These instruments work on the reaction of a magnet in an electric field against the elastic effect of a hair spring. They are less rugged than digital instruments and more difficult to manufacture. They also require a considerable amount of current to move the indicator needle.



The amount of current drawn by this type of instrument is sufficient to cause a depression in the potential of the soil in which the electrode is placed. It can be said that the current flowing through the measuring circuit causes its own IR drop.



This potential depression can be measured using two electrodes and a digital voltmeter.



This 'volts drop' in the measuring circuit caused substantial inaccuracies in the measurement, and the readings were shown to be lower than the true voltage. This is the opposite effect to that of the 'IR drop in the soil' which is caused by the passage of the cathodic protection current.



During the period in which these meters were used, the fact that the readings were less than the criteria, encouraged operators to blame instrument inaccuracy when protected criteria could not be achieved. All the time that a needle was moved against a hair spring, at any time in the measuring process, this required sufficient current to be effected by any resistance in the measuring circuit. Instruments which were extremely sensitive had to have extremely fragile mechanisms which were unsuitable for rough field use.



The error in the measuring system tended to give the impression that sections of pipeline were not protected and engineers worked to increase the protection on these sections. They found that many sections of pipeline could not be 'protected' as it proved impossible to increase the output of the cathodic protection system enough to show the required voltage on the meter.
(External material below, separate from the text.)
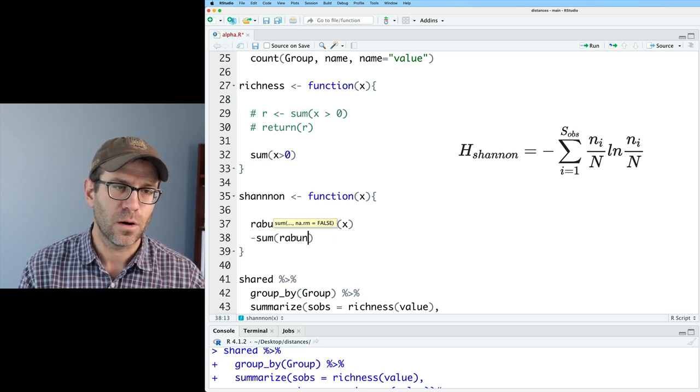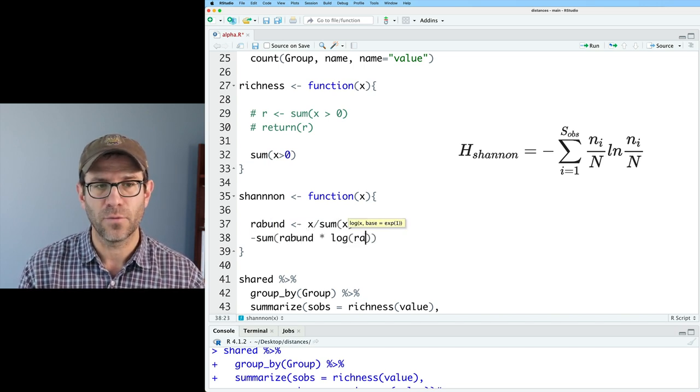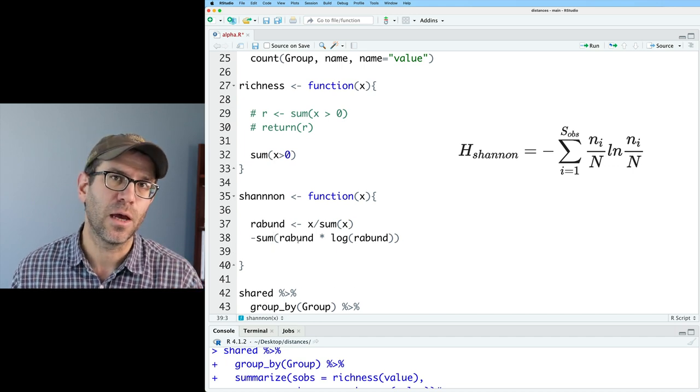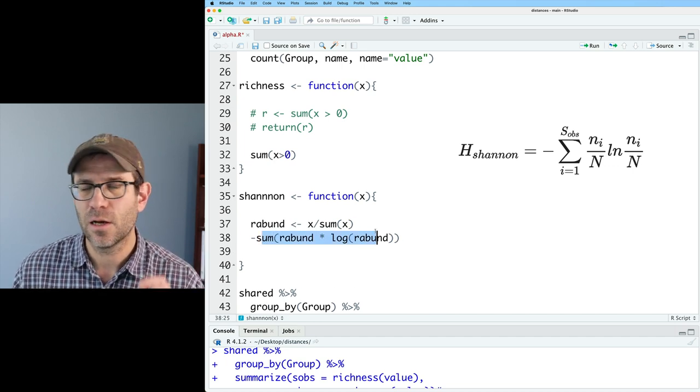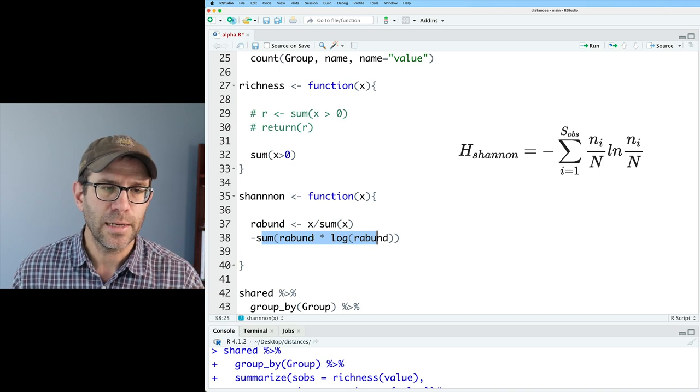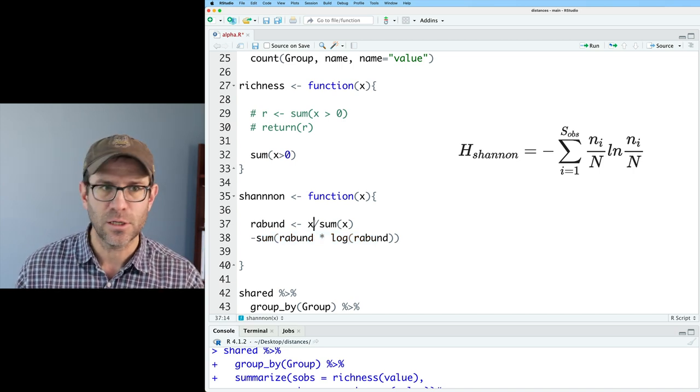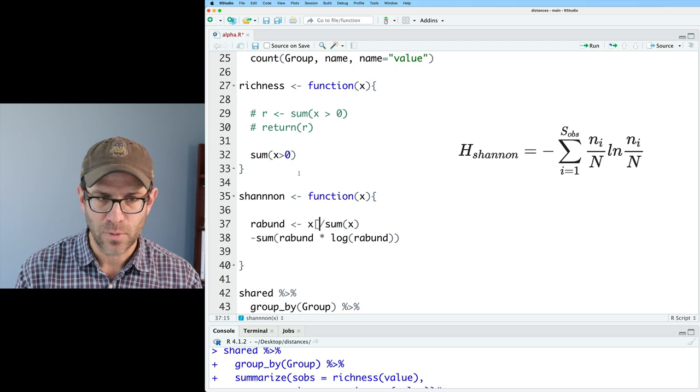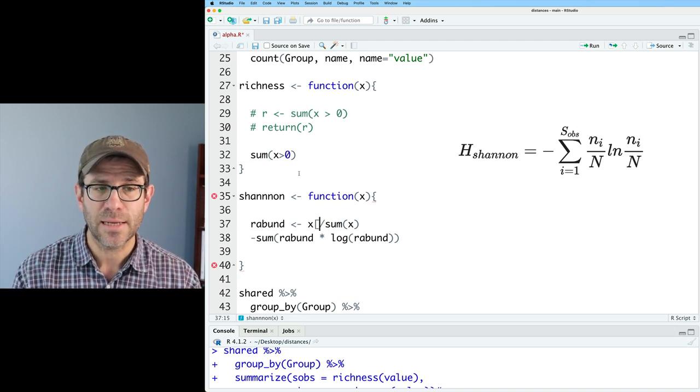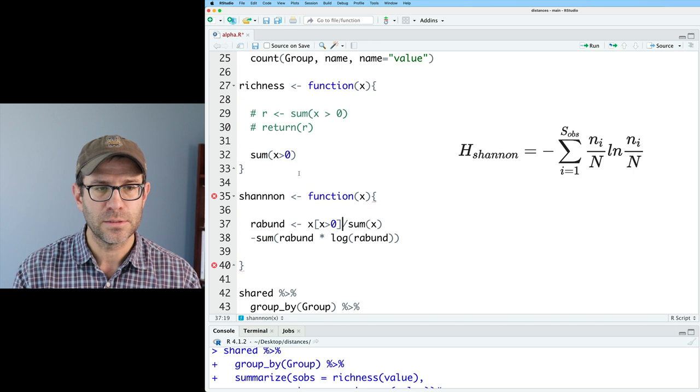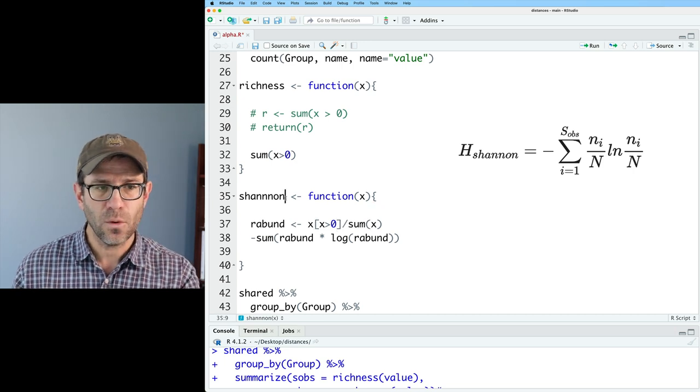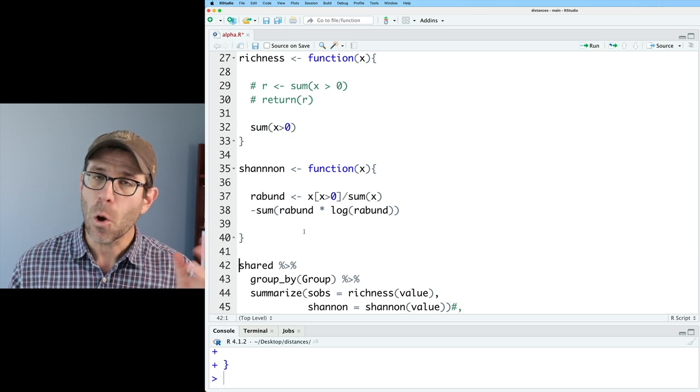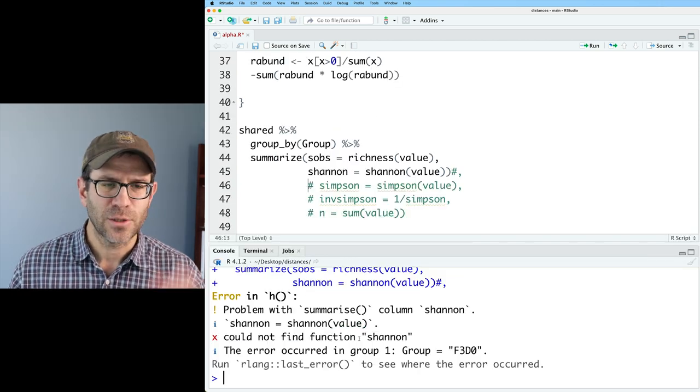Now the problem is going to come that when we calculate the Shannon value, which will be negative of the sum of r abund times the log of r abund, that if we have a 0 value for that r abund, it's going to cause all sorts of problems. So what I need to do is to limit this to the x values that are greater than 0. And we kind of saw how to do this up here already. But I can use square brace notation to say x, and I want x values greater than 0.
A formula was recommended to correct readings to an increased value, in proportion to the internal resistance of the voltmeter. This formula corrected the readings upwards towards the required criteria, whereas the correction to present readings, which is obtained by switching the CP current off, is a correction



downwards.

NUL-BALANCE METERS Attempts were made to design specialised instruments which balanced out this error with an opposition EMF supplied from an internal battery. The idea was that if they worked on a balancing process when the actual measurement was made, then they would draw no current. Some of these instruments became quite complex but they all drew current during the original balancing operation, and hence none reached the accuracy which is possible with a digital meter.



The designers seemed to have missed the point that the current drawn, to set up the balance, created an error which was carried through the whole measuring operation.

The complexity of operation of the balancing meters required more care and understanding by the operators, and the instruments were not as rugged as the simpler ones of the day.



Instruments appeared with more and more dials, switches and adjustments but this resulted in less and less personnel who understood how to use them. It also had the adverse effect that the amount of time to take a single reading with such an instrument, precluded the possibility of taking 'immediate off potentials'.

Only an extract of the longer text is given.